**Activity**
The response should contain only the line with "Maillot Domicile Boca" and every line after it to the end of the listing below, duplicated exactly; no picture belongs in it.

________________________________________

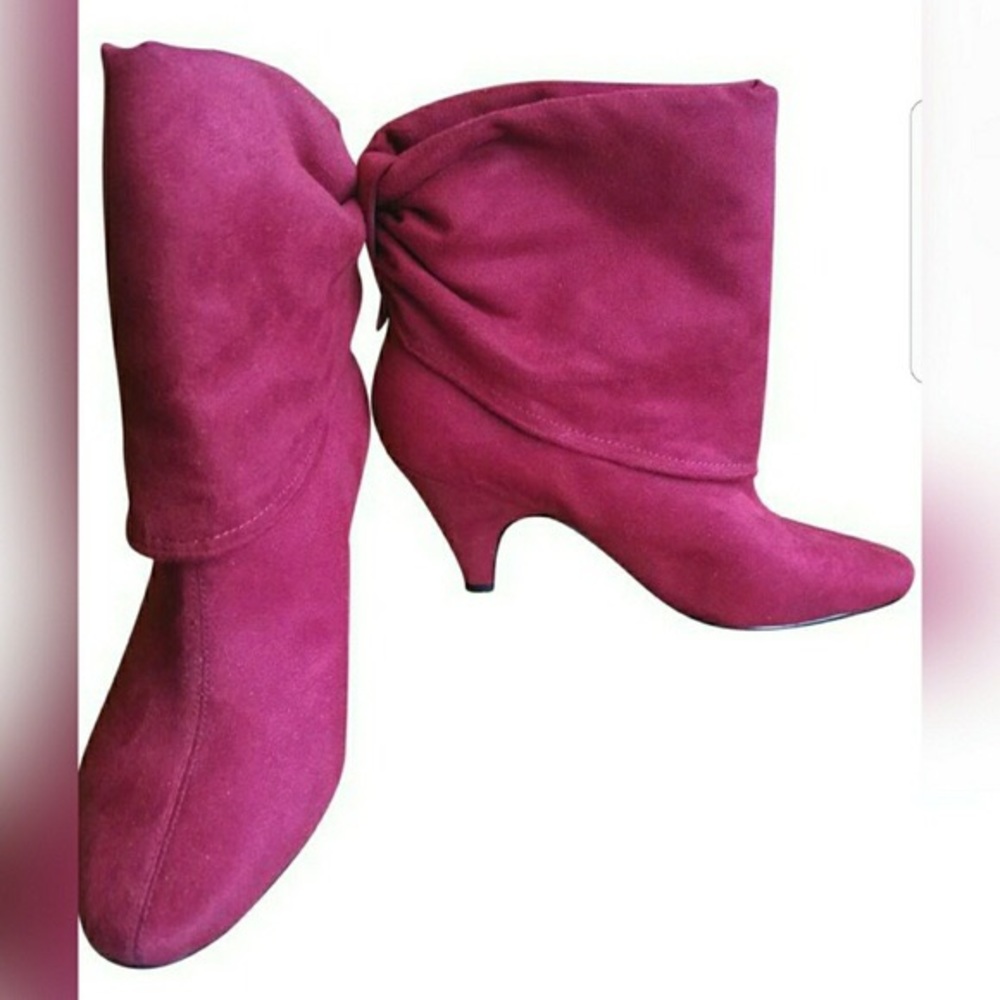 MIXIT ABBY RED BOOTIE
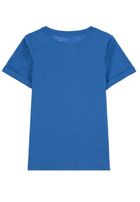 T-shirt chłopięcy, niebieski, Tom Tailor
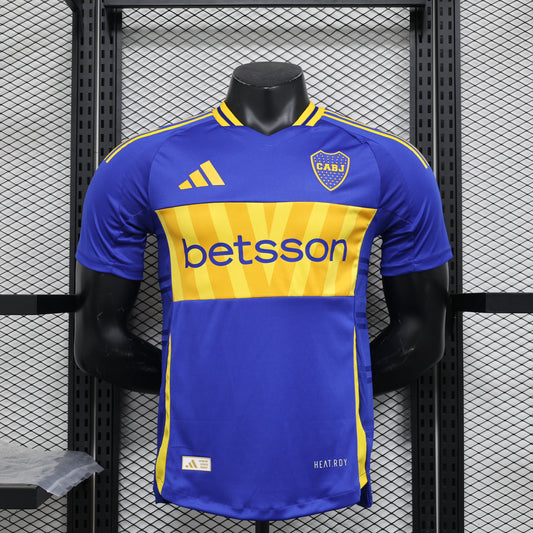 Maillot Domicile Boca Juniors 2024/25 – Version Player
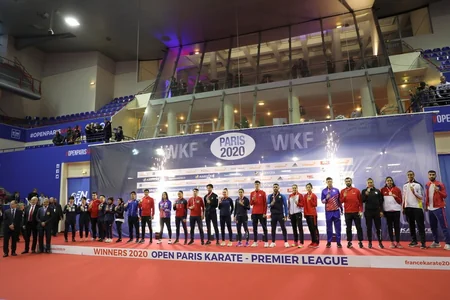 Azərbaycan karateçiləri Parisdə iki medal qazanıb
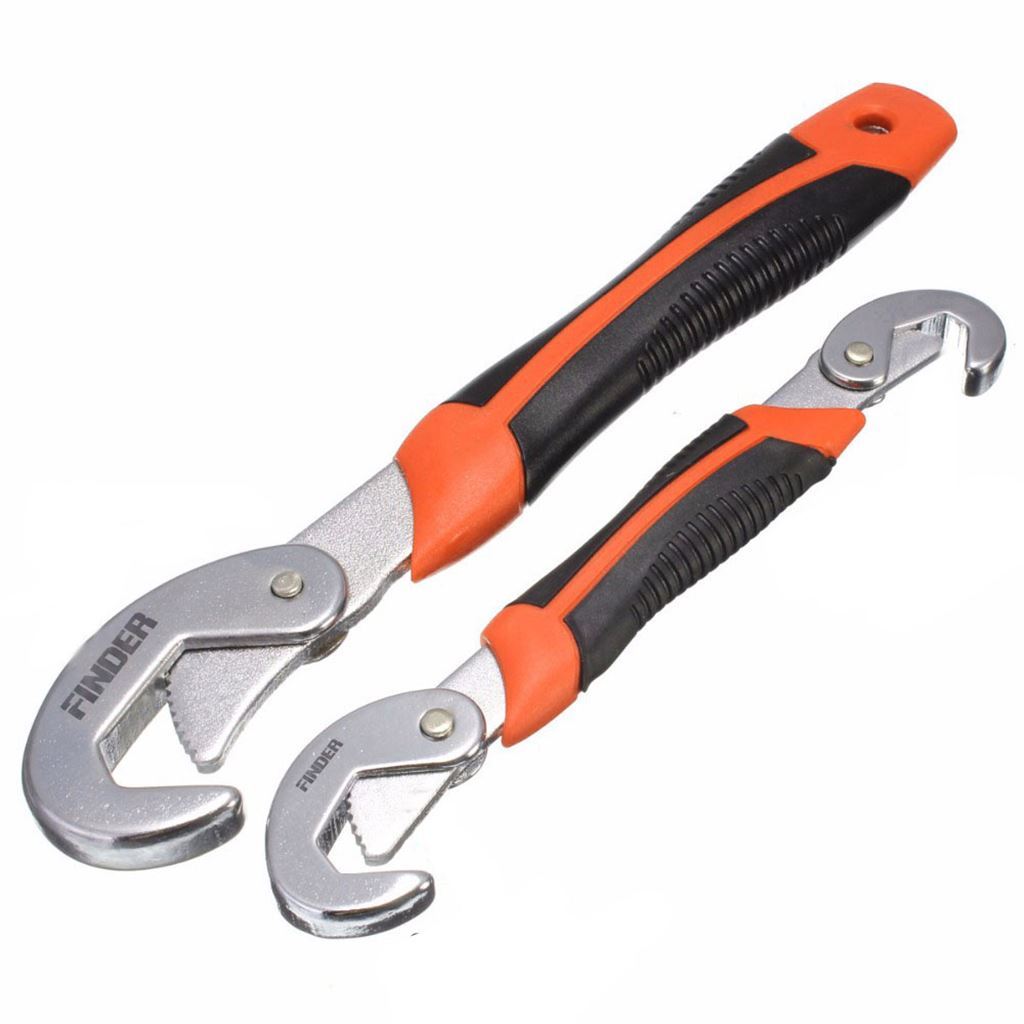 Extra large combination wrenches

________________________________________

**Task output**
 Maillot Domicile Boca Juniors 2024/25 – Version Player
 Azərbaycan karateçiləri Parisdə iki medal qazanıb
 Extra large combination wrenches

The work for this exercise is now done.